The world of Harmonielehre is very different from Threnody’s visceral experimentation with sound. Adams’s 1985 symphonic poem, ending a period of writer’s block, was inspired by a dream in which he drove across the San Francisco-Oakland Bay Bridge and “watched a gigantic supertanker take off and thrust itself into the sky like a Saturn rocket”. Driven sequences, chordal gates and melodic soundscapes grow from a postmodern cross-pollination of minimalist technique and neo-Romantic grandeur – an epic of climaxing resonance and slow tension. Its title, literally “treatise on harmony”, derives from (and challenges) Arnold Schoenberg’s 1911 musical theory text declaring the death of tonality. Adams has made clear his own dislike of the Second Viennese School and in some senses, Harmonielehre sets out to be a kind of musical cleansing for a violent century of musical provocation.

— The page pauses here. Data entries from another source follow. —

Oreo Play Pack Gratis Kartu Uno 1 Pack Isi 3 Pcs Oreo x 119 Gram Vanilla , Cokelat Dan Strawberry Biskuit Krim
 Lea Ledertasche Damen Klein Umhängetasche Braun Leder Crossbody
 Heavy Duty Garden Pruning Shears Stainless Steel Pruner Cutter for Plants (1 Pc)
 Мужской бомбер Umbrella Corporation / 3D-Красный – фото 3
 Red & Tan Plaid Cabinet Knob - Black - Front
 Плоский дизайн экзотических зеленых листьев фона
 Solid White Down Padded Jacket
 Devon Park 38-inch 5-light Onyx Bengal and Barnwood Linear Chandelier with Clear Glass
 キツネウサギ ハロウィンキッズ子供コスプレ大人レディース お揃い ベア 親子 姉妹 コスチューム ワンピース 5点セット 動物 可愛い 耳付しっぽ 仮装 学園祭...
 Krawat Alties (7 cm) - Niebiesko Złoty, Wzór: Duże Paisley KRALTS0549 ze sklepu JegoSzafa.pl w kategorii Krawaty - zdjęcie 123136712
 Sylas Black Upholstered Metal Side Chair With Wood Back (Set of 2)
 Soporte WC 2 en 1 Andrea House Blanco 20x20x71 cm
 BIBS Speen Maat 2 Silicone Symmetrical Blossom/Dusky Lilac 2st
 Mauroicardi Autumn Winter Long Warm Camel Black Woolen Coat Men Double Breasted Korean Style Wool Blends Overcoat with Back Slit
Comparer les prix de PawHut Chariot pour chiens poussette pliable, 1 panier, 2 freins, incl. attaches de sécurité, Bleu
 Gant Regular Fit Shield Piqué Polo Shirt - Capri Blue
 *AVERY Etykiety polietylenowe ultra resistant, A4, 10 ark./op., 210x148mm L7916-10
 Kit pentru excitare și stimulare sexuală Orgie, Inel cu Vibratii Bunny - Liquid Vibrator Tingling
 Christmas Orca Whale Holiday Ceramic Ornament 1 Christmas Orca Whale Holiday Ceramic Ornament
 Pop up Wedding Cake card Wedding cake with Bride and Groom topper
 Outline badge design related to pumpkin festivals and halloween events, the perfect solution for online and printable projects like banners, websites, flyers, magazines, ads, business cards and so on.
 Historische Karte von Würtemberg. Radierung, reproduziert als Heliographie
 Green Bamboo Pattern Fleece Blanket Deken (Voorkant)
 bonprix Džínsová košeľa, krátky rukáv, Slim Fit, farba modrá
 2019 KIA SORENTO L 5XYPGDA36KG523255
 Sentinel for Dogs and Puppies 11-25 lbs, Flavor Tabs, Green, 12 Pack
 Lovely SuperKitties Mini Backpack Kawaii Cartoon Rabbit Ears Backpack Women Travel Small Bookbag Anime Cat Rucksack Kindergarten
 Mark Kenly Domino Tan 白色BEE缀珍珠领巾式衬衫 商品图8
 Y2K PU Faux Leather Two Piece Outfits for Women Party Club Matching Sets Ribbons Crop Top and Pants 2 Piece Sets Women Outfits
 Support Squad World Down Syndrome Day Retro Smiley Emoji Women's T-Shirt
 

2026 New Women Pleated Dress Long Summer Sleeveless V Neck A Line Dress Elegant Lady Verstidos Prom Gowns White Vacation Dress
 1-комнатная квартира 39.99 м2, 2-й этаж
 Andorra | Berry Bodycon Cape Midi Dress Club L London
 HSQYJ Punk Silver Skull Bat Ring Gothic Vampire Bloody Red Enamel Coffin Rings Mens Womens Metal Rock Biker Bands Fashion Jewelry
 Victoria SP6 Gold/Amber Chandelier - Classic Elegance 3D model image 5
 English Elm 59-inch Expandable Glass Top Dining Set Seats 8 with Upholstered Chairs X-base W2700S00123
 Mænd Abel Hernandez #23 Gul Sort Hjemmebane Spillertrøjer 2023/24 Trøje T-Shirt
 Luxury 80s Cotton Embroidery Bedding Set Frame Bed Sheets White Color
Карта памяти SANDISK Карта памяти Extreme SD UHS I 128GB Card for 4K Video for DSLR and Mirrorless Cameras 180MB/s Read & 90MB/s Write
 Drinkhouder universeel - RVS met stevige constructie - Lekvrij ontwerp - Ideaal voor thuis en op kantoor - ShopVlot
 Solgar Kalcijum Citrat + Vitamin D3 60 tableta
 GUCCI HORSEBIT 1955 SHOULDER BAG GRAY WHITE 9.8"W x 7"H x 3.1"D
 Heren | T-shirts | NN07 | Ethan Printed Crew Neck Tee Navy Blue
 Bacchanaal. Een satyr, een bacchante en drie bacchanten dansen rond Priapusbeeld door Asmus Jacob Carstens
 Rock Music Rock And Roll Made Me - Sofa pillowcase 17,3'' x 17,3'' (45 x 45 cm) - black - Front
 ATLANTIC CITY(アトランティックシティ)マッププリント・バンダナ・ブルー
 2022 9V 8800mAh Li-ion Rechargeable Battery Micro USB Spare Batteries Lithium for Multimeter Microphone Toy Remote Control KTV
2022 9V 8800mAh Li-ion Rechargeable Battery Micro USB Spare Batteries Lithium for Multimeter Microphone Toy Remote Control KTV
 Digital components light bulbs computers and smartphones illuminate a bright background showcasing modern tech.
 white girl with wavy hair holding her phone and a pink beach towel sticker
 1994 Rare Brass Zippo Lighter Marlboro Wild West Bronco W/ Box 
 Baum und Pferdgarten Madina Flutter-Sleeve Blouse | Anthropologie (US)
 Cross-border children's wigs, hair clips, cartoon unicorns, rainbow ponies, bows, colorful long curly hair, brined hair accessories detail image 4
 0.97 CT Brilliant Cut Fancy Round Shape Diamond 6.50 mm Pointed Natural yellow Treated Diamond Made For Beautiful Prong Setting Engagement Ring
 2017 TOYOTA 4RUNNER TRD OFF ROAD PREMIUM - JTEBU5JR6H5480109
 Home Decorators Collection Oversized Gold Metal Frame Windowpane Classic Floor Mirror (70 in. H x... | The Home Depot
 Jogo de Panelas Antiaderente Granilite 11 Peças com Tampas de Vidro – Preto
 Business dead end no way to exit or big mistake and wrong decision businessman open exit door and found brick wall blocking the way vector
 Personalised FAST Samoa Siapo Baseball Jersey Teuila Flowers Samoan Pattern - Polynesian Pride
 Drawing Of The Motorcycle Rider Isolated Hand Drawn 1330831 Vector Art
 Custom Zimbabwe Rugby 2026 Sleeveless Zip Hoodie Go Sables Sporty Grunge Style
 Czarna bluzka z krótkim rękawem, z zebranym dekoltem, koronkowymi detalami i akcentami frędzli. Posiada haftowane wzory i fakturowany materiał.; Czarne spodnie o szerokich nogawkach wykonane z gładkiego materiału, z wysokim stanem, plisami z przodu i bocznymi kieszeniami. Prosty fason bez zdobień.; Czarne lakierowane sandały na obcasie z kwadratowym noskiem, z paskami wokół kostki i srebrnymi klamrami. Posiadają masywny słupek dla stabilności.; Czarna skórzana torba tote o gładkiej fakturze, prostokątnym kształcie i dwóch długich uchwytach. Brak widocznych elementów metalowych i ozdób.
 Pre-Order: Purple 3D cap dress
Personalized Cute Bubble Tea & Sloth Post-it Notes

Minimalist music has at times been accused of fulfilling the standard trope of classical music as a source of utilitarian, aural consolation – a signifier for capitalism’s pretensions to “spirituality”. Surely this only increases the urgency with which we need to redefine its musical impact.
 
One way of exploring the situation that classical music finds itself today is quite simply to look to a “fear of music”. This can be variously explained, but an obvious aspect is sociological – the entrapment of the listener in the concert hall, as opposed to the more physical interaction that an art gallery allows for. The musicologist Christopher Small has devoted his career to exploring the ideologies of the western classical music tradition, stating there is no such thing as music, but rather “musicking” – a broader social activity encompassing all aspects of participation. In short, Small looks at how a musical performance affirms our social and political ideals. In this sense, we need to start thinking about how the western classical concert tradition is a ritual that should be critiqued – a socio-political game in which we take for granted the grandeur of the hall, and where elite performers appear in white tie onstage while the silent listeners applaud only at the correct moments. The music can be as adventurous as it wants to be, but we should be just as concerned with the manner in which both audience and performers participate. Furthermore the concert hall belongs to a world dominated by corporations, who understand that they can use art in a process of self-validation. In fact the original commission for Harmonielehre was funded by the Exxon Corporation and the Rockefeller Foundation. A recontextualisation of live performance allows us to fight both the passive consumption of music, as well as the insular expression of musical knowledge as a form of cultural capital.
 
A debate that erupted in September 2010 when the UK composer Jonathan Harvey attempted some reasoned discussion of the issue, highlighted a curious reluctance to engage with this. His proposal during an interview for Future Radio that “nobody should be deprived of classical music, least of all by silly conventions’”, centred around ideas of introducing an amplification element and more audience freedom to the stuffy confines of the concert hall. Several commentators, who had previously never shown much interest in Harvey’s music, descended upon the supposed blasphemy. Such ideas “are like inviting a football match crowd to join in on the pitch” suggested a Guardian article by Fiona Maddocks, while Julian Lloyd Webber, brother of Andrew, complained that Harvey was destroying a central tenet of classical music performance. For an art form that concerns itself with the subtleties of minutiae, miniscule changes of timbre and myriad factors of interpretation, abandoning the precious acoustic of the concert hall holds obvious difficulties. Certainly the sacralisation of music has its advantages. But it is difficult to deny that the cult of the concert hall is disturbing, and the reaction from performers and critics to Harvey’s suggestions was dangerously narrow. On Saturday, we will have come a long way from those sterile halls of culture.